Scientific classification
- Domain: Eukaryota
- Kingdom: Animalia
- Phylum: Arthropoda
- Clade: Mandibulata
- Clade: Pancrustacea
- Genus: †Wujicaris Zhang et al, 2010
- Species: †W. muelleri
- Binomial name: †Wujicaris muelleri Zhang et al, 2010

= Wujicaris =

- Authority: Zhang et al, 2010
- Parent authority: Zhang et al, 2010

Extinct genus of crustacean

Wujicaris is an extinct genus of Early Cambrian crustaceans from the Maotianshan Shales of China. The genus contains a single species, Wujicaris muelleri.

== Description ==

Wujicaris is a crustacean known from the Chengjiang Lagerstatte, uniquely fossilised in Orsten-type preservation and known from four larval specimens in the early metanauplius stage roughly 270 μm long.

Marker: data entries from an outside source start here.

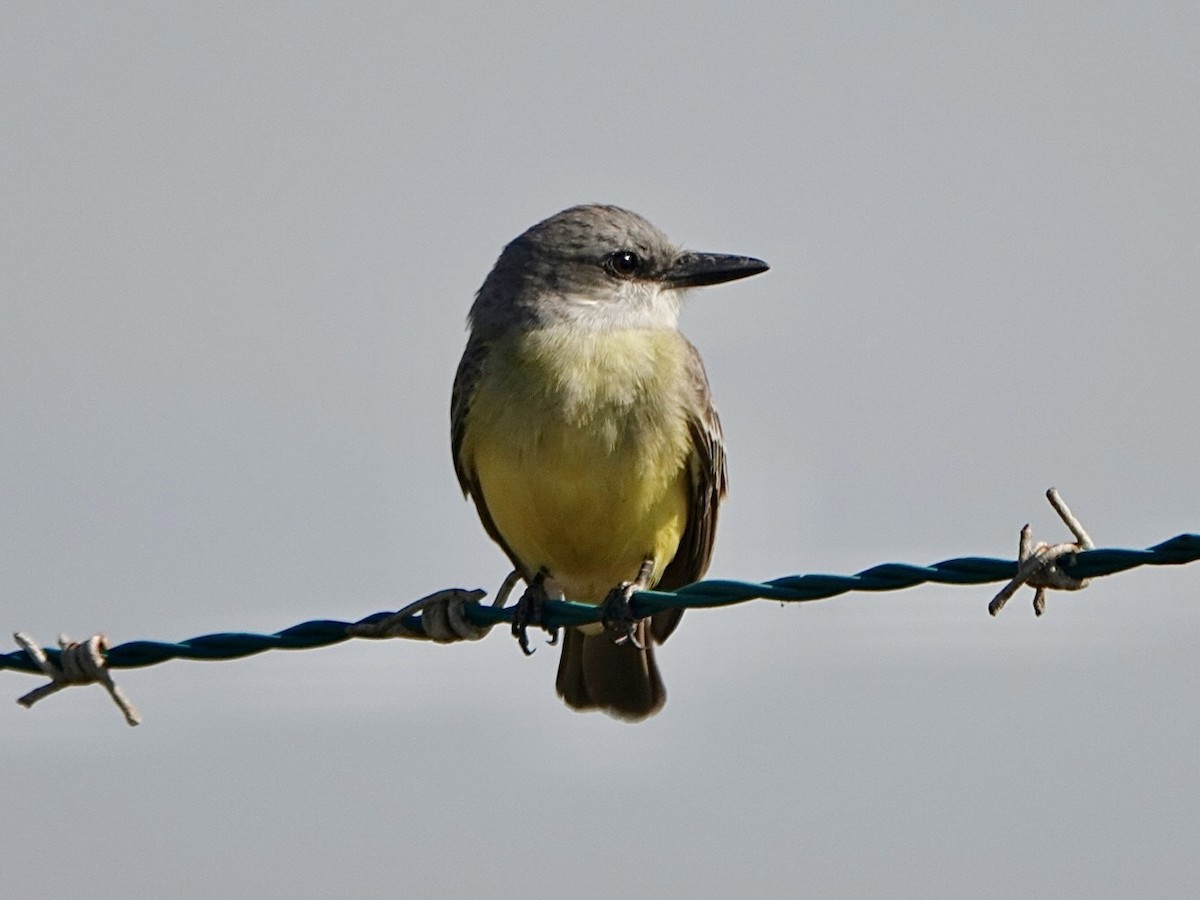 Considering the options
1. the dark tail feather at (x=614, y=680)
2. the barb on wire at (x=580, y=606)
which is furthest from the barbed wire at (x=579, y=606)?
the dark tail feather at (x=614, y=680)

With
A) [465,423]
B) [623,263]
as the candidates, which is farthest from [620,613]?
[623,263]

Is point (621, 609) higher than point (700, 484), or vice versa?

It and the possibly related taxon Yicaris both heavily resemble the metanaupli of modern crustaceans such as barnacles, thus possibly suggesting the existence of Thecostraca during the Cambrian. Wujicaris possesses a large, pointed cephalic shield with an oval structure tentatively dubbed the "dorsal organ", a pair of possibly median eyes, an unsegmented body along with five pairs of appendages, three of those being mouthparts and the other two being antennae. In addition, the labrum and hypostome are fused together, forming a large complex near the front of the organism.

== Etymology ==

Wujicaris derives from the town of Wuji, along with the word caris, meaning "shrimp". The specific name, muelleri honours the late Klaus Müller, discoverer of Orsten-type preservation.